- REQUIREMENT
Set down exactly the lines from the first line of the records through the line that contains "hottiewithabody101 online show", and leave every picture out.

Scraped caption text data:
※

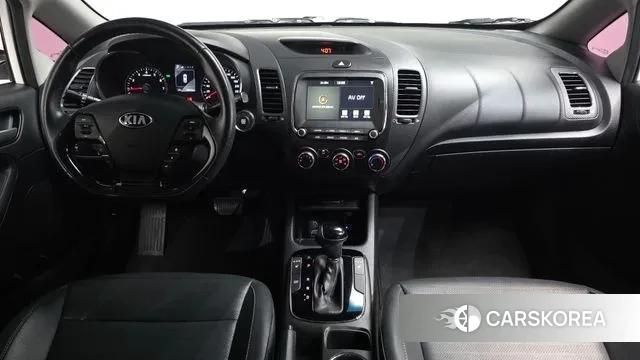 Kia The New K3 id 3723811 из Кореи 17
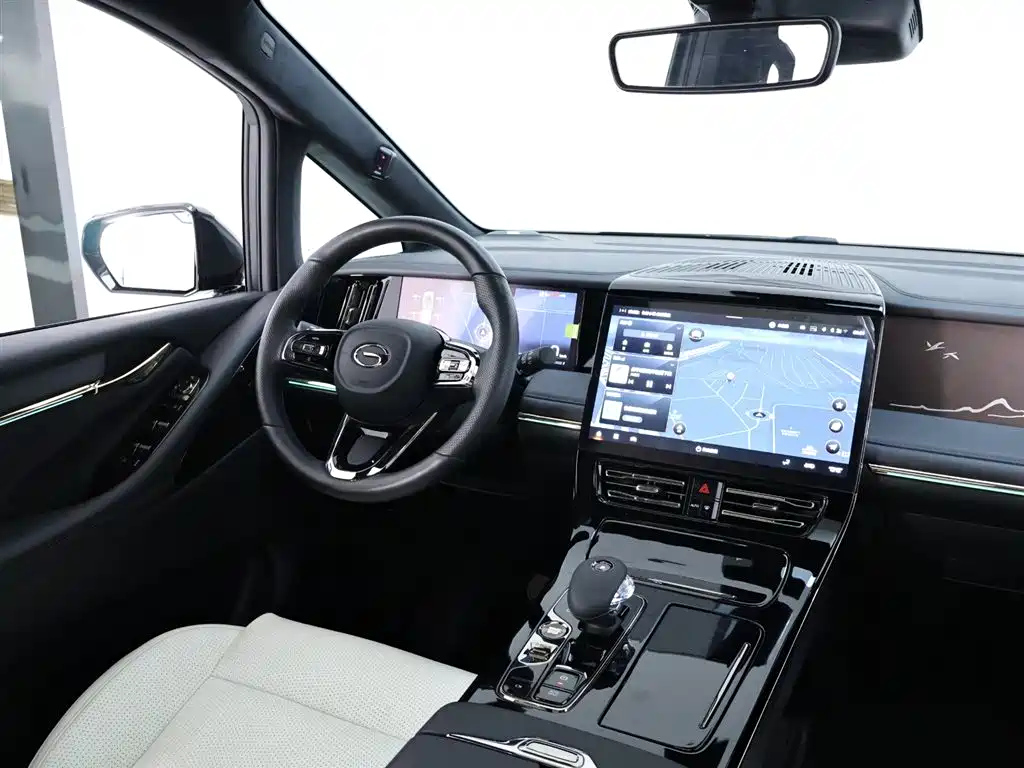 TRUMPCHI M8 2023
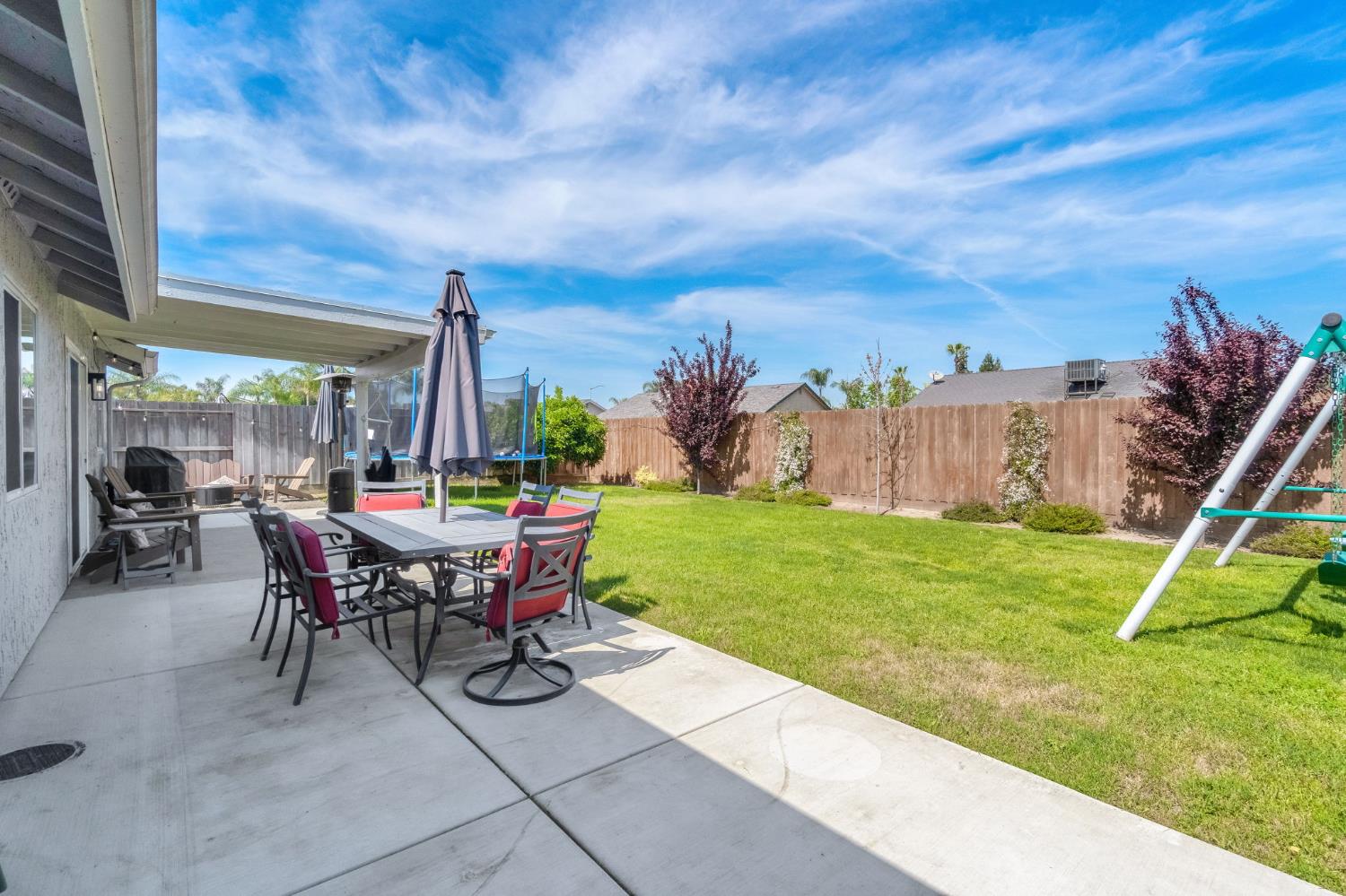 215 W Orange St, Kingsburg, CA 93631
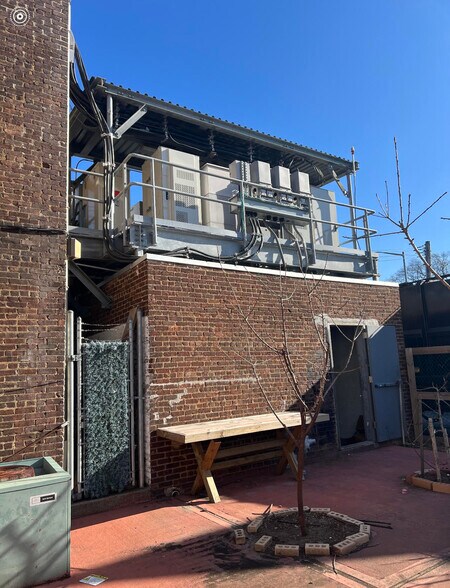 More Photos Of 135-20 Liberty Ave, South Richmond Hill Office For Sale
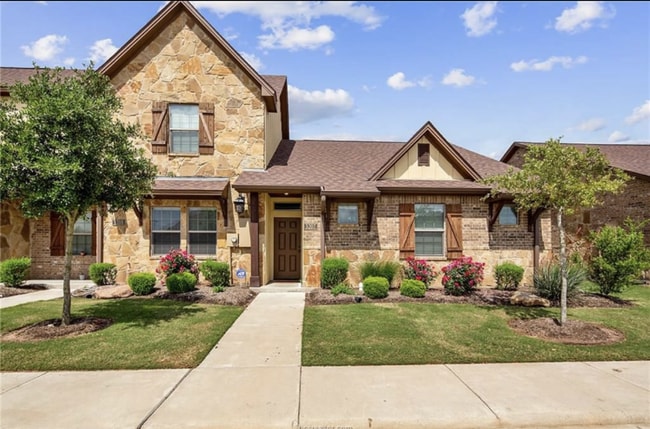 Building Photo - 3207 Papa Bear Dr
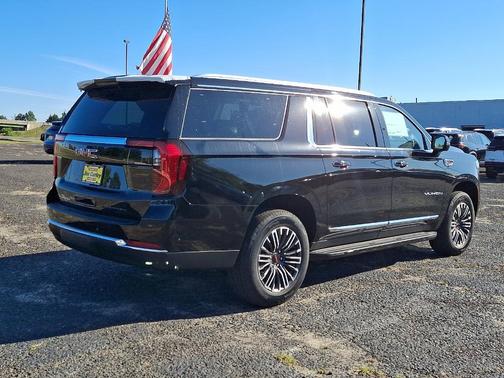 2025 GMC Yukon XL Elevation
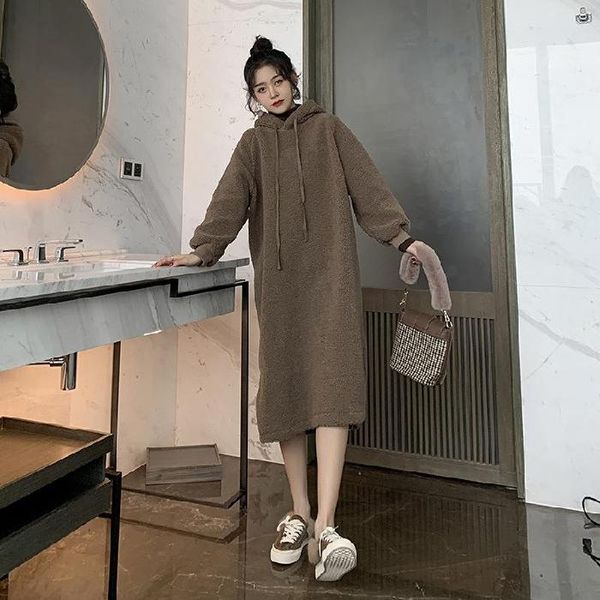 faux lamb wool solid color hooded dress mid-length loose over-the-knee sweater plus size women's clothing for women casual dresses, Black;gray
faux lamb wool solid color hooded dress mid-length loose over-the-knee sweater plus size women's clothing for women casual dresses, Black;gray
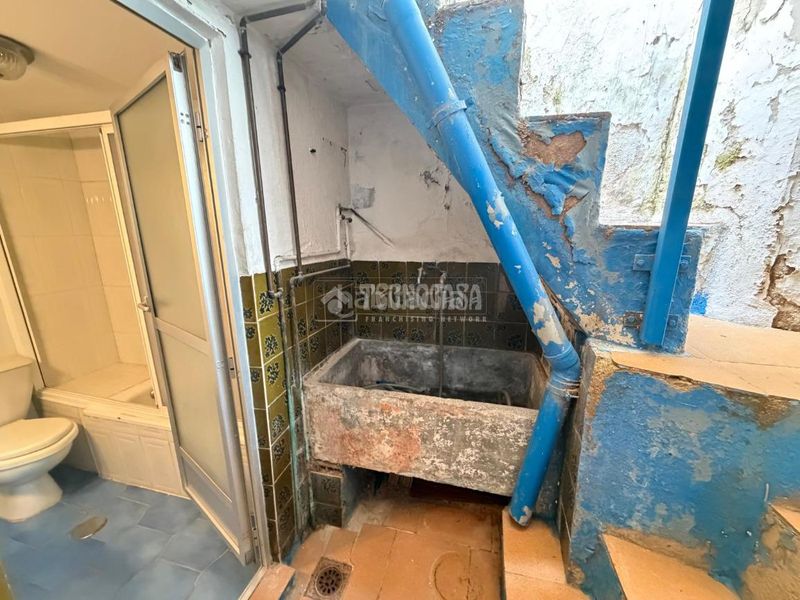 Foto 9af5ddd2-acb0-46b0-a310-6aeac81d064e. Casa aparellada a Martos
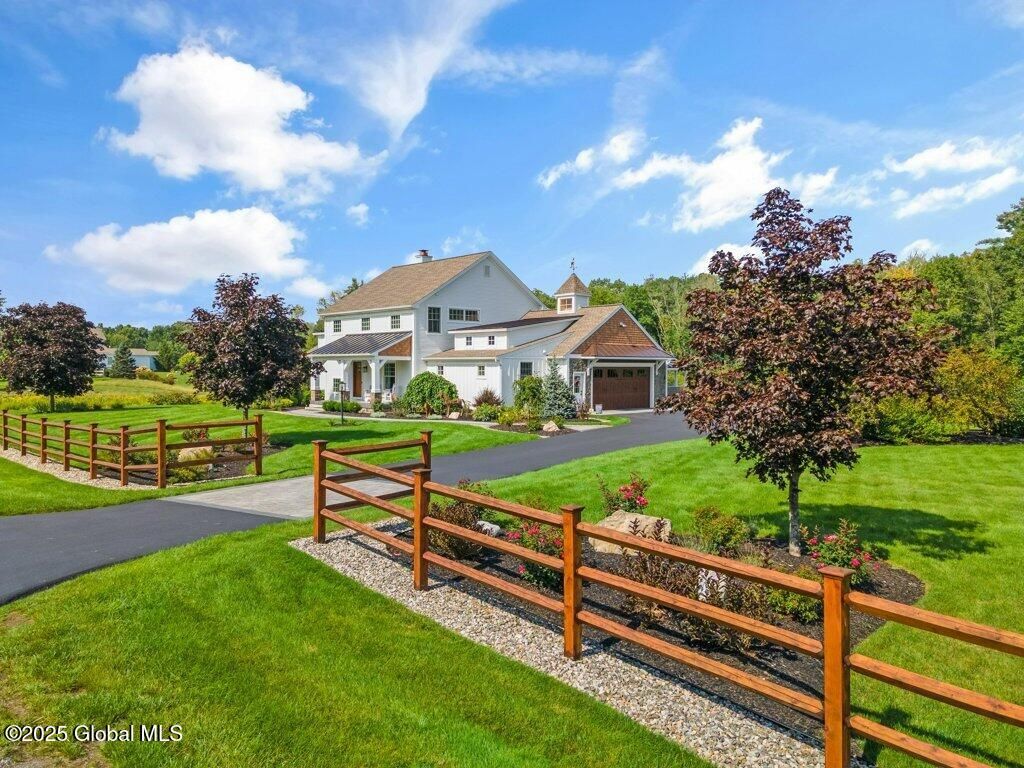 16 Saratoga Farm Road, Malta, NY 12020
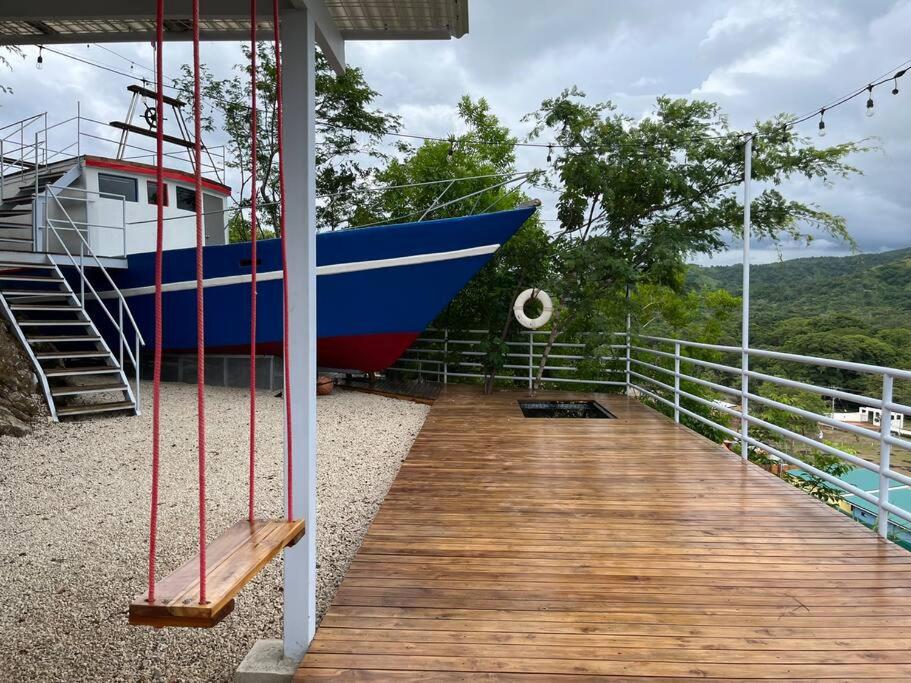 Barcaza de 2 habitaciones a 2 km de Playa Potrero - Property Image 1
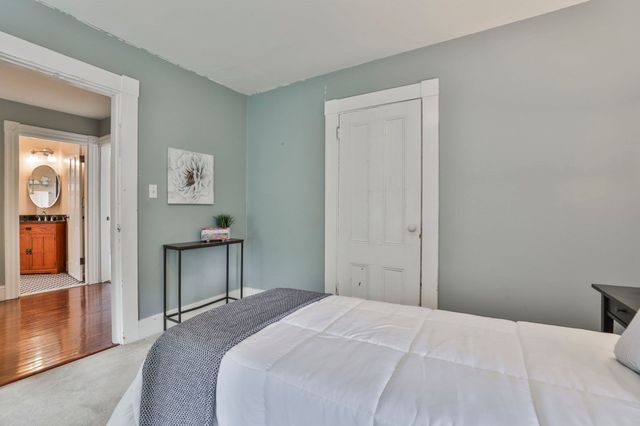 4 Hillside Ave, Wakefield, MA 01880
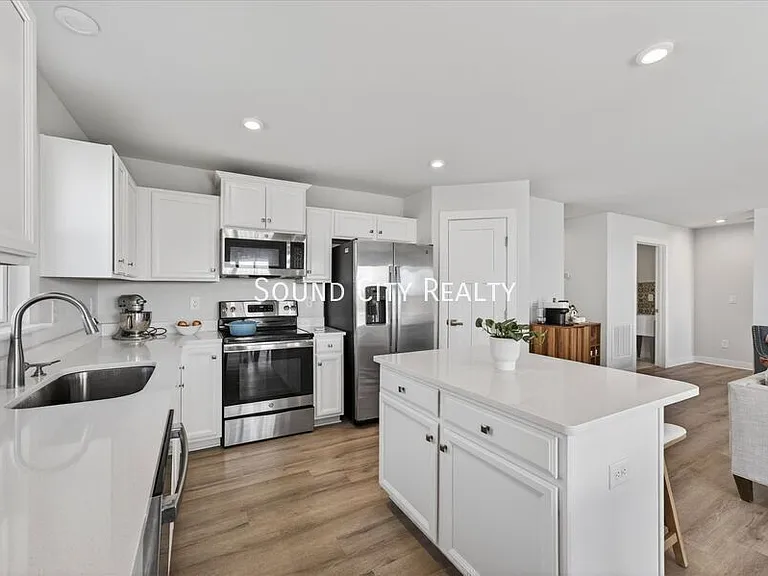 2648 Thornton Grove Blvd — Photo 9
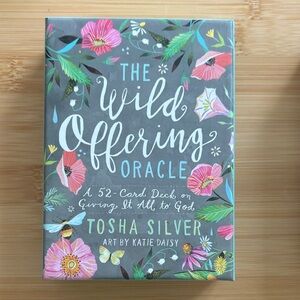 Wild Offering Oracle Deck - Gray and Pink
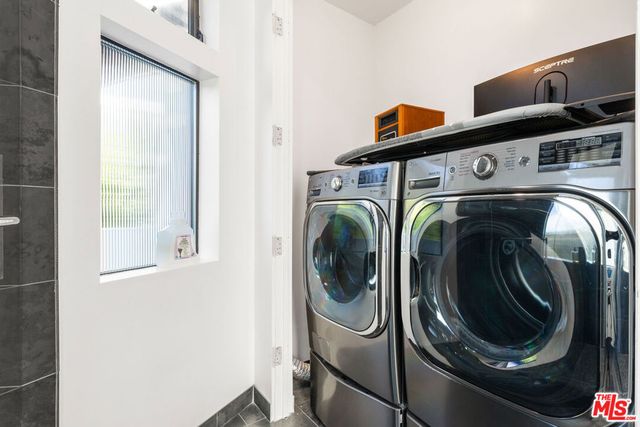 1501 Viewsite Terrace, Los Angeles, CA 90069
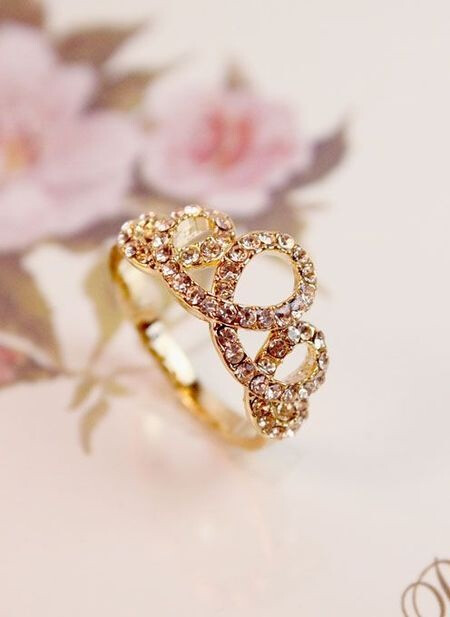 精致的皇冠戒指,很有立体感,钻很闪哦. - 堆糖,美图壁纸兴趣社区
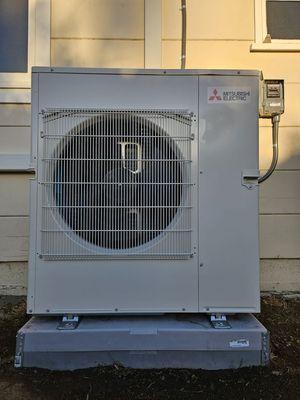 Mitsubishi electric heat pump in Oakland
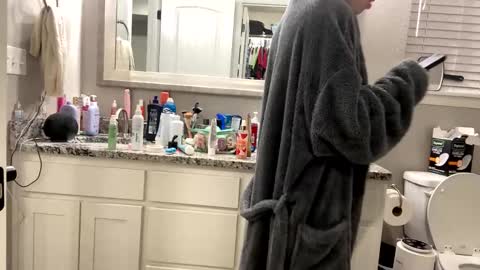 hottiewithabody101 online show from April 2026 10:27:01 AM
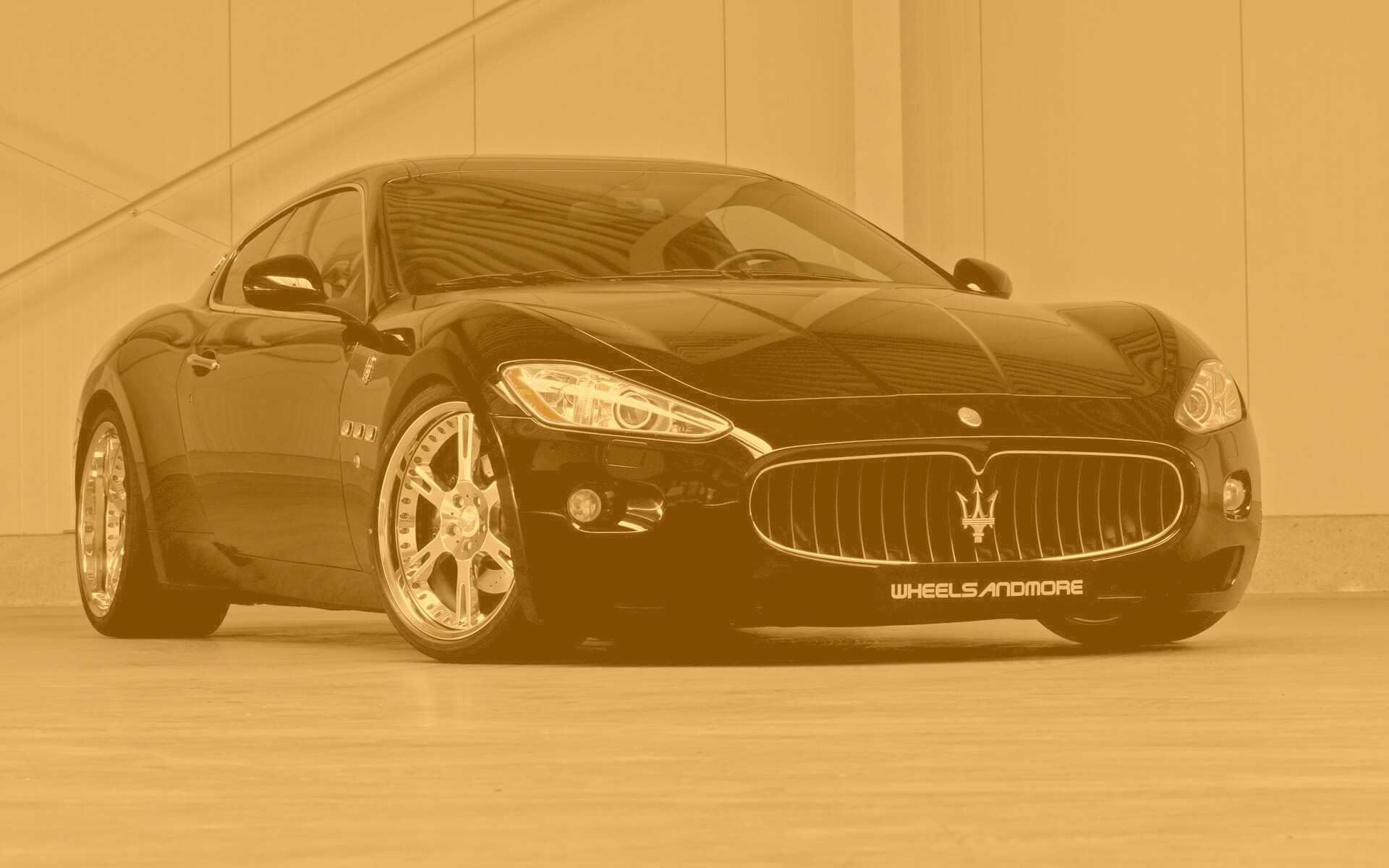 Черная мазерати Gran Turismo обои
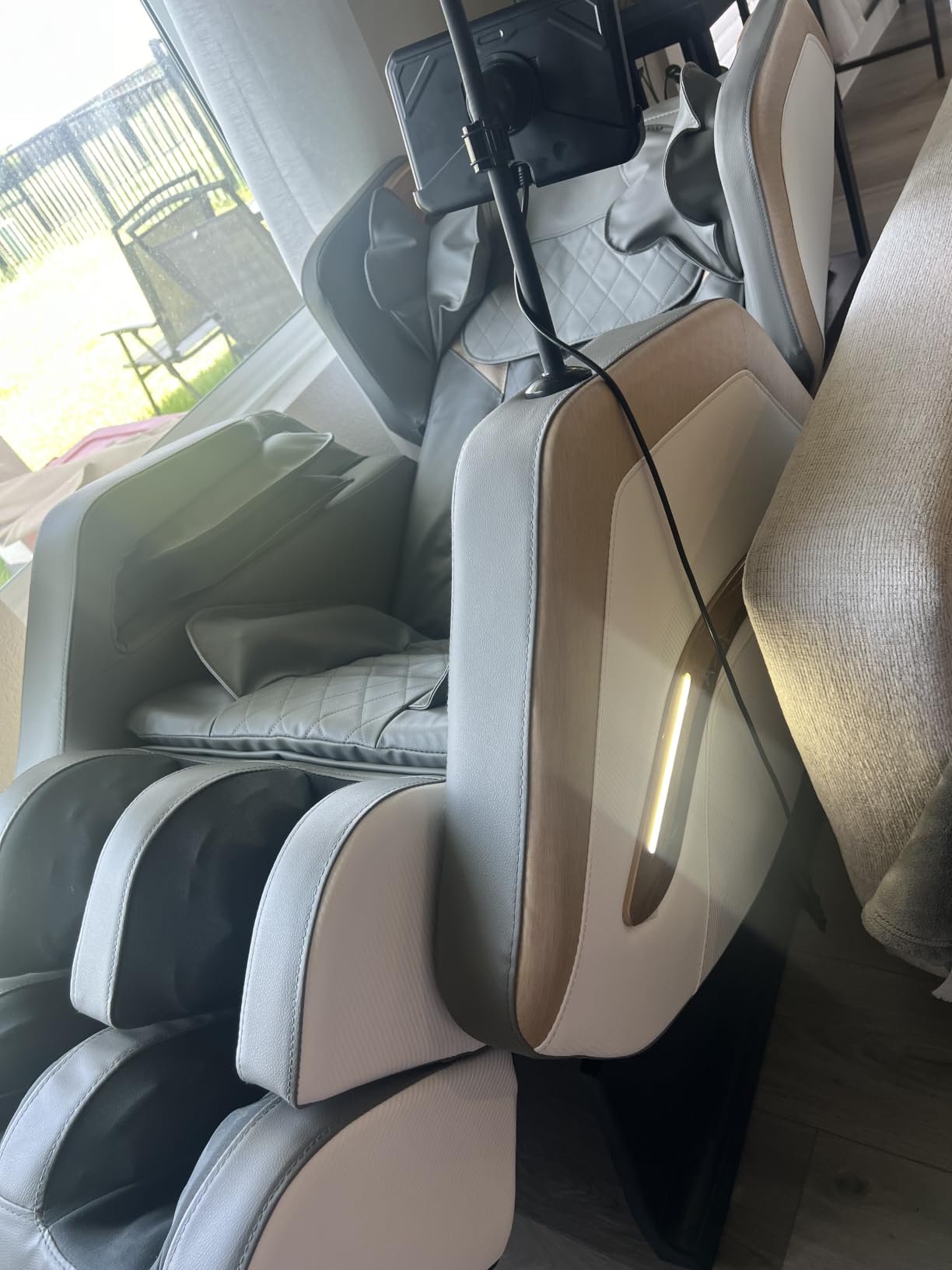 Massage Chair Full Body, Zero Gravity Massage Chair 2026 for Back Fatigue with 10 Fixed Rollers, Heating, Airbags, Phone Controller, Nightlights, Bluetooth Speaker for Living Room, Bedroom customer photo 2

※

- TASK SOLUTION
 Kia The New K3 id 3723811 из Кореи 17
 TRUMPCHI M8 2023
 215 W Orange St, Kingsburg, CA 93631
 More Photos Of 135-20 Liberty Ave, South Richmond Hill Office For Sale
 Building Photo - 3207 Papa Bear Dr
 2025 GMC Yukon XL Elevation
 faux lamb wool solid color hooded dress mid-length loose over-the-knee sweater plus size women's clothing for women casual dresses, Black;gray
faux lamb wool solid color hooded dress mid-length loose over-the-knee sweater plus size women's clothing for women casual dresses, Black;gray
 Foto 9af5ddd2-acb0-46b0-a310-6aeac81d064e. Casa aparellada a Martos
 16 Saratoga Farm Road, Malta, NY 12020
 Barcaza de 2 habitaciones a 2 km de Playa Potrero - Property Image 1
 4 Hillside Ave, Wakefield, MA 01880
 2648 Thornton Grove Blvd — Photo 9
 Wild Offering Oracle Deck - Gray and Pink
 1501 Viewsite Terrace, Los Angeles, CA 90069
 精致的皇冠戒指,很有立体感,钻很闪哦. - 堆糖,美图壁纸兴趣社区
 Mitsubishi electric heat pump in Oakland
 hottiewithabody101 online show from April 2026 10:27:01 AM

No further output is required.